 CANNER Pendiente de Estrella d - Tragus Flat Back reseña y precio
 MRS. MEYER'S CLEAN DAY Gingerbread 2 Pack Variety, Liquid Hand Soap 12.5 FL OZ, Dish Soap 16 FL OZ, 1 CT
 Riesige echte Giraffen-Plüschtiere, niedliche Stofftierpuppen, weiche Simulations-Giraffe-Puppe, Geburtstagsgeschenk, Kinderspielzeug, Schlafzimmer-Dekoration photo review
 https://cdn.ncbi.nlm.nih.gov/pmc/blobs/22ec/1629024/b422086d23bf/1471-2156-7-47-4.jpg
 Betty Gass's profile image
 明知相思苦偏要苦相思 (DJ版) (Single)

---

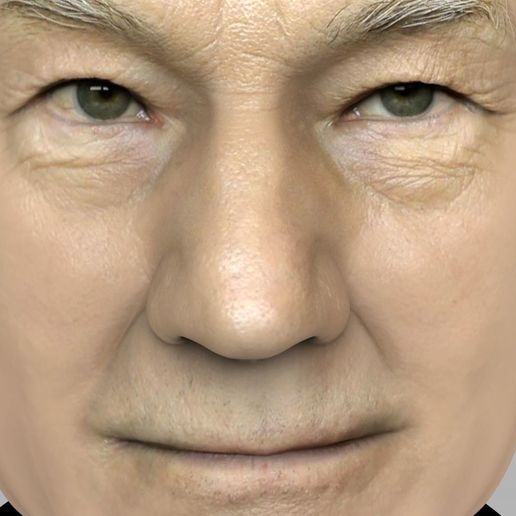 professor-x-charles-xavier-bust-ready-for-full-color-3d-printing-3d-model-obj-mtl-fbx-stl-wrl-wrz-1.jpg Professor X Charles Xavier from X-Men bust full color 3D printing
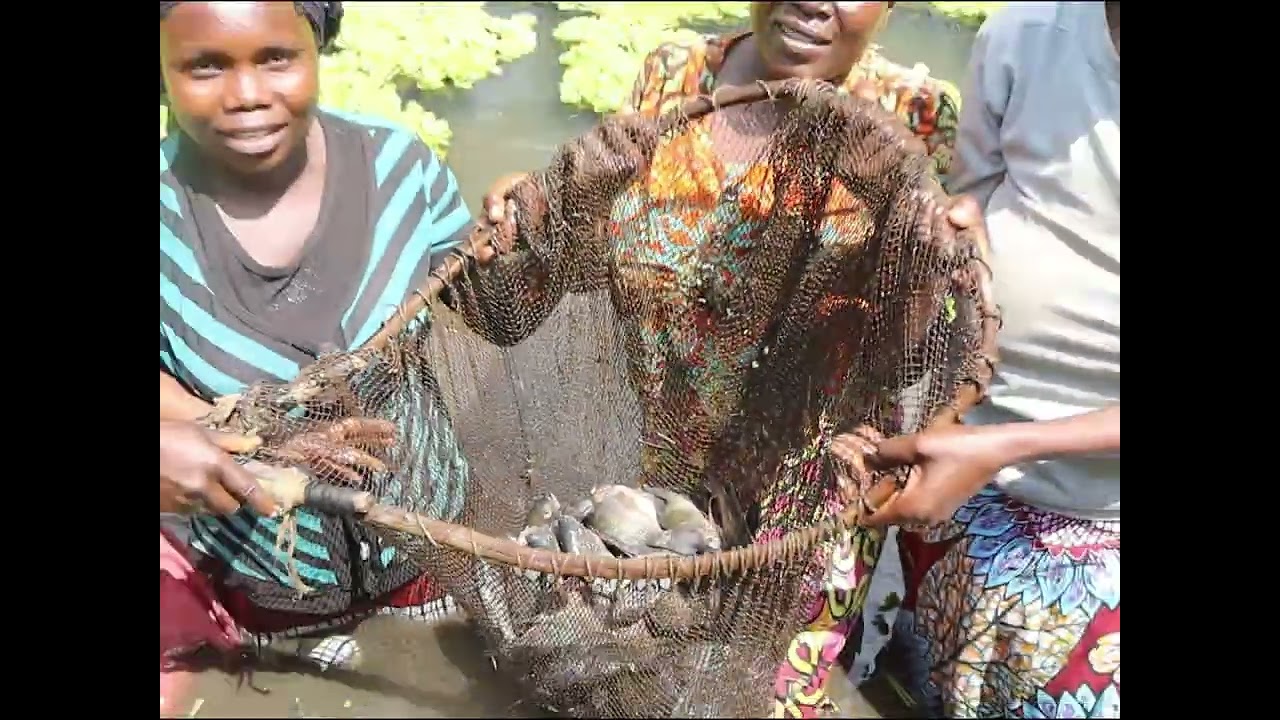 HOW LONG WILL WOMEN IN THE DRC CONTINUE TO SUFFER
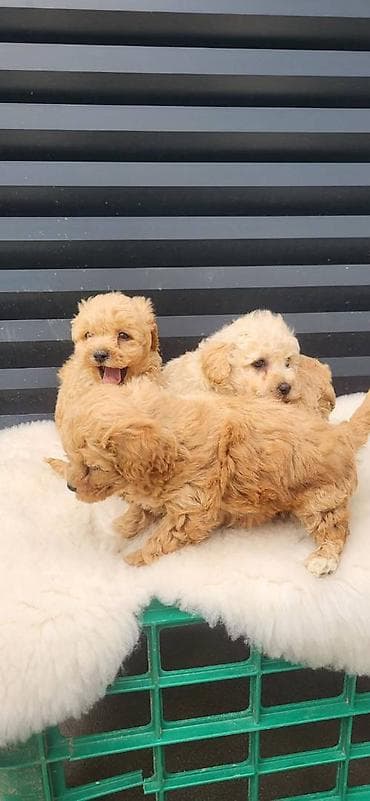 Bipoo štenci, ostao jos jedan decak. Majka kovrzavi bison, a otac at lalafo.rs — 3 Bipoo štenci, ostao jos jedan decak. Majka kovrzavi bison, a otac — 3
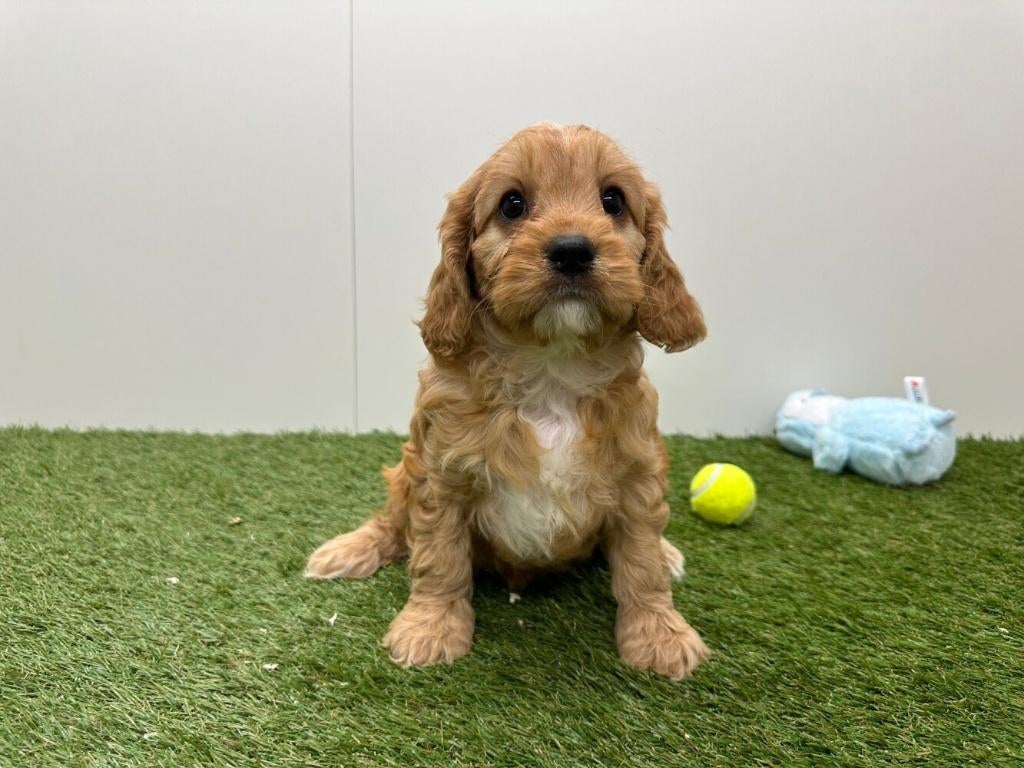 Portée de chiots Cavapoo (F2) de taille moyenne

==

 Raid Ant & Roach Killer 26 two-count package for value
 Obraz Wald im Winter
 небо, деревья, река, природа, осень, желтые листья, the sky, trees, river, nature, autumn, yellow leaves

:: WHAT IS REQUIRED ::
Only one stretch of the entries above is wanted: the lines from the one containing "CANNER Pendiente de" through the one containing "明知相思苦偏要苦相思 (DJ版) (Single)". Please reproduce it exactly.

:: SOLVED EXERCISE ::
 CANNER Pendiente de Estrella d - Tragus Flat Back reseña y precio
 MRS. MEYER'S CLEAN DAY Gingerbread 2 Pack Variety, Liquid Hand Soap 12.5 FL OZ, Dish Soap 16 FL OZ, 1 CT
 Riesige echte Giraffen-Plüschtiere, niedliche Stofftierpuppen, weiche Simulations-Giraffe-Puppe, Geburtstagsgeschenk, Kinderspielzeug, Schlafzimmer-Dekoration photo review
 https://cdn.ncbi.nlm.nih.gov/pmc/blobs/22ec/1629024/b422086d23bf/1471-2156-7-47-4.jpg
 Betty Gass's profile image
 明知相思苦偏要苦相思 (DJ版) (Single)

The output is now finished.